AUNDECK OMNI KANING—Artist Mel Madahbee is well known as a local Anishinaabe artist, having started out doing landscapes before moving on to encompass a wide range of artistic styles and mediums. Now, along with son Roy, Mr. Madahbee and his wife Mel have opened a home-based gallery showcasing the artist’s work along with that of his up-and-coming artist progeny.
A lot of the senior Mr. Madahbee’s work is done in a familiar acrylic medium, although he has dabbled in oil and enamel, works with wood burning and even creates a range of regalia for powwow dancers.
“Oil takes up to three weeks to dry,” noted Mr. Madahbee. “I started out with enamel because it dries much faster. But oil has been around for a thousand years and people are more familiar with it. Acrylics came out sometime in the 1970s, or at least that is when people started to use it more.”
Mr. Madahbee picks up a set of jit toes, traditional rattles often tied to the legs or arms of traditional dancers. “They are made out of deer hooves,” he says, shaking them to produce a distinctive clattering sound. “People like them for dancing.”
The artist suffered a debilitating stroke a number of years ago and took a second hard turn when he had to have a valve in his heart replaced. “The blood was going the wrong way,” he explained. Today he is back working on his art and following the road to recovery.

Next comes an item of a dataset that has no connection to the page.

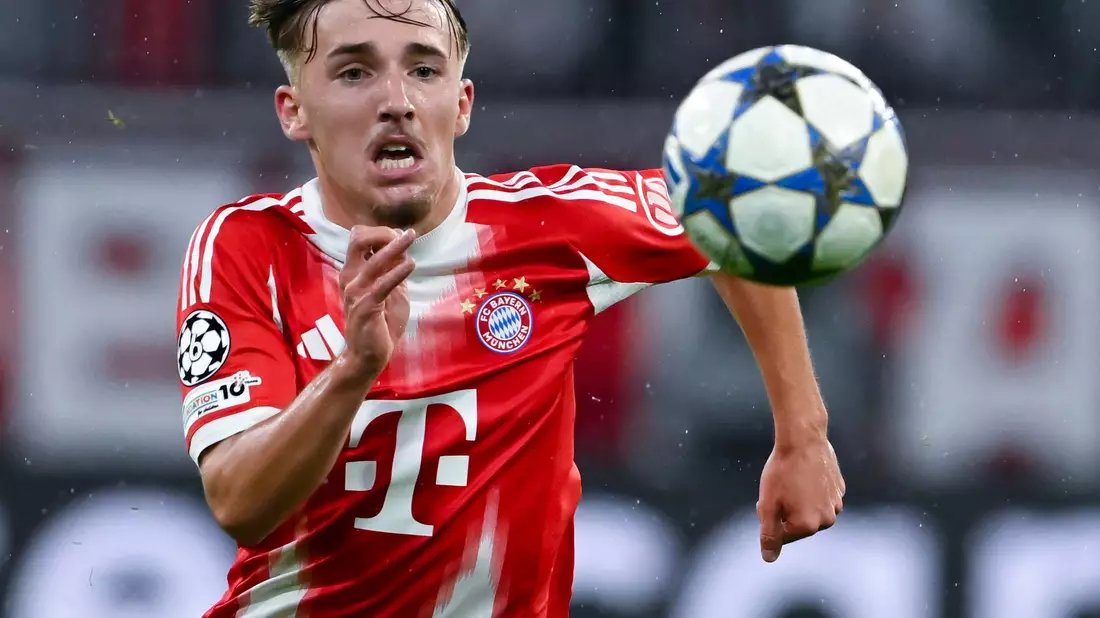 Will - irgendwann mal - gern für Real Madrid spielen: Lennart Karl. (Archivbild) - Bild: Sven Hoppe/dpa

“I have always had to work at another job,” he said. “I could never depend just on the art for a living.” Today it is even more difficult, as the amount of competition in the art field is much stiffer. “Back in the day an artist would sell everything he made right away,” said Mr. Madahbee. “Now it takes a lot longer.”
Mr. Madahbee’s son Roy comes in from his job during the interview. He is working on his art and will be displaying it in the new gallery as well. He has just popped in for a bite to eat before heading back to work.
The gallery will be open this weekend, June 21, and while it is okay for people to just drop in, Ms. Madahbee suggested that it might be best to call ahead for those with serious interests. “We might be out and about,” she smiled. There are benefits and drawbacks to a home-based gallery.
Don’t go looking for the name of the gallery in the phone book or on the Internet either. “I thought about it,” laughs Ms. Madahbee. “We were going to call it AOK’s First Gallery, but then we just decided not to.”
The gallery is filled with a great cross-section of the artist’s work, with eastern woodland art sharing space with traditional landscapes, wood burned and painted cedar boxes and even some of Mr. Madahbee’s earlier enamel works filling the room with colour.
So it is just the Madahbee’s home-based art gallery for now, easy to find at 51 Lake Road in Aundeck Omni Kaning. There is a large sign at the end of the driveway reading ‘Art Show.’ If you are calling ahead, the number is 705-368-3762.